Je veux qu'entre nous règne un climat de confiance et d'écoute. La décentralisation est un choix. Elle a été acceptée par le corps électoral. Le Parlement vient de l'approuver. Nous devons l'aborder sans peur et sans préjugé. Le principe d'égalité et la solidarité entre les territoires ne sont pas menacés par la phase qui débute. La reconnaissance constitutionnelle de la péréquation répond à l'inquiétude de ceux qui entretiennent la crainte d'un affaiblissement de la solidarité. J'ai pour ma part une vision active de la péréquation, qui va au-delà des flux financiers et qui fait place aux politiques corrigeant les écarts de situation. Le CIADT qui s'est réuni le 13 décembre a prévu la création, au sein de la DATAR, d'un Observatoire des territoires.
Il sera la référence qui permettra justement de disposer d'une base d'analyse pour changer le cours d'une politique.

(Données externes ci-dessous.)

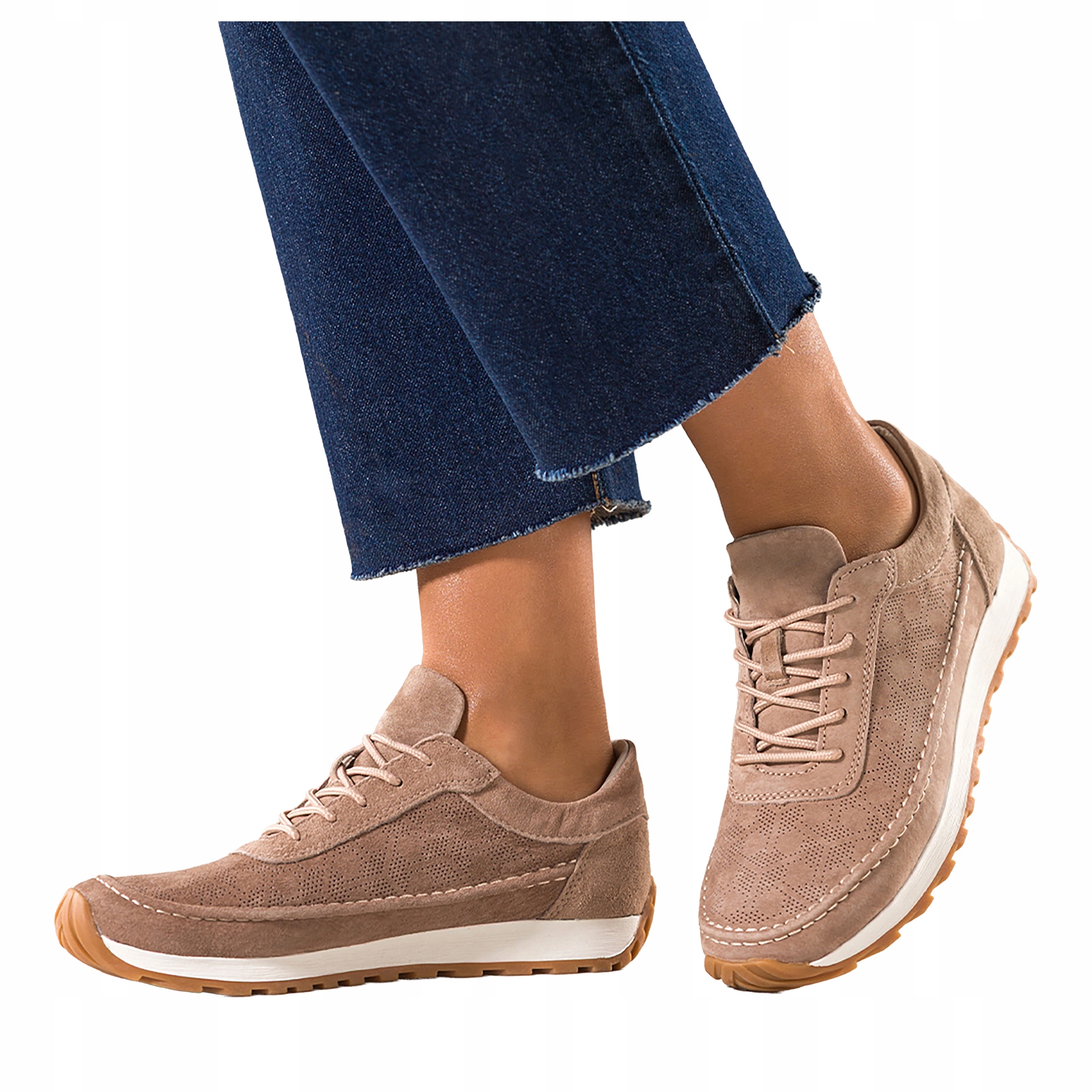 Polobotky Tmavě béžové Dámské Kožené Tenisky Ažurové Šněrovací vel. 36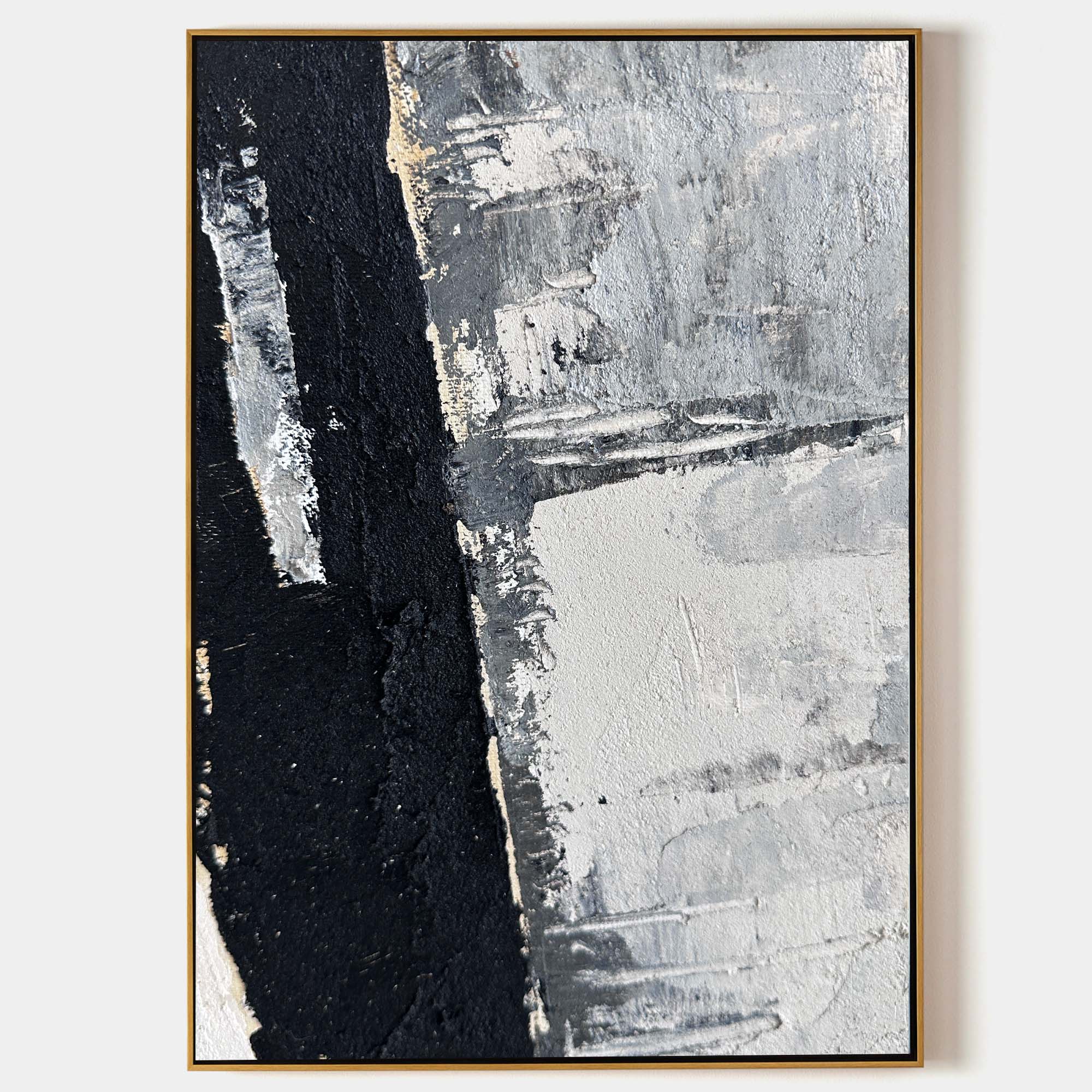 Abstract Black Gray Textured Oil Painting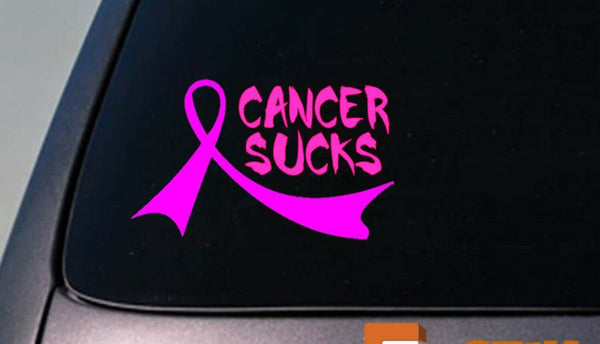 2X Breast Cancer Pink Ribbons 6" Sticker Decals Relay for life cancer cure*C221*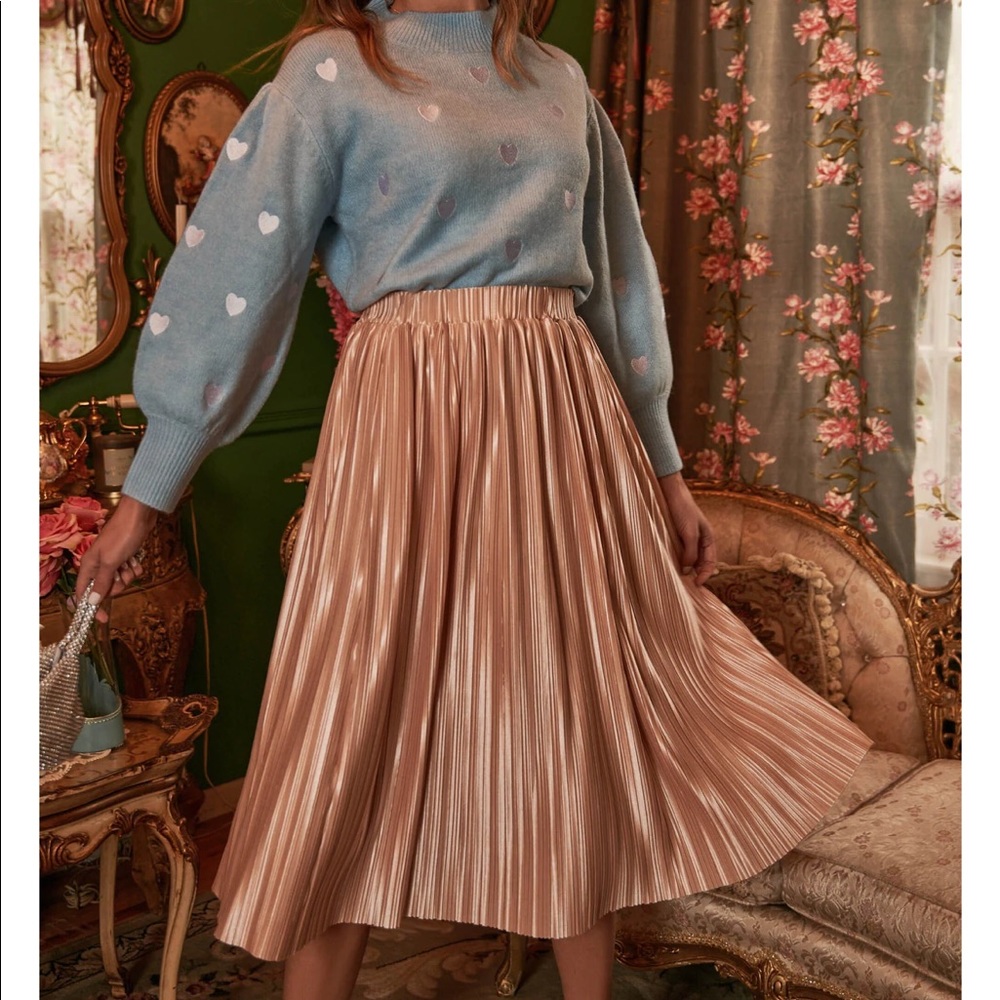 NWT ALL That Glimmers Pleated MIDI Skirt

La même réponse vaut pour l'égal accès aux services publics. La décentralisation, loin de désorganiser la couverture territoriale par les services publics, a été dans le passé récent l'occasion de mettre en place des points d'accueil du public pris en charge par les collectivités. L'Etat , en liaison avec les élus, doit accompagner ce mouvement. Là encore, le CIADT a engagé une réflexion sur un nouveau mode d'approche de la couverture du territoire par les services publics. J'ai proposé qu'une expérience soit lancée dans quelques départements pour confier aux Préfets la faculté, en concertation avec les élus, de réorganiser la desserte de leur département par les services publics.

Je vous laisse maintenant la parole avant d'engager le débat.


Seul le discours prononcé fait foi.

(Source http://www.fonction-publique.gouv.fr, le 19 décembre 2002)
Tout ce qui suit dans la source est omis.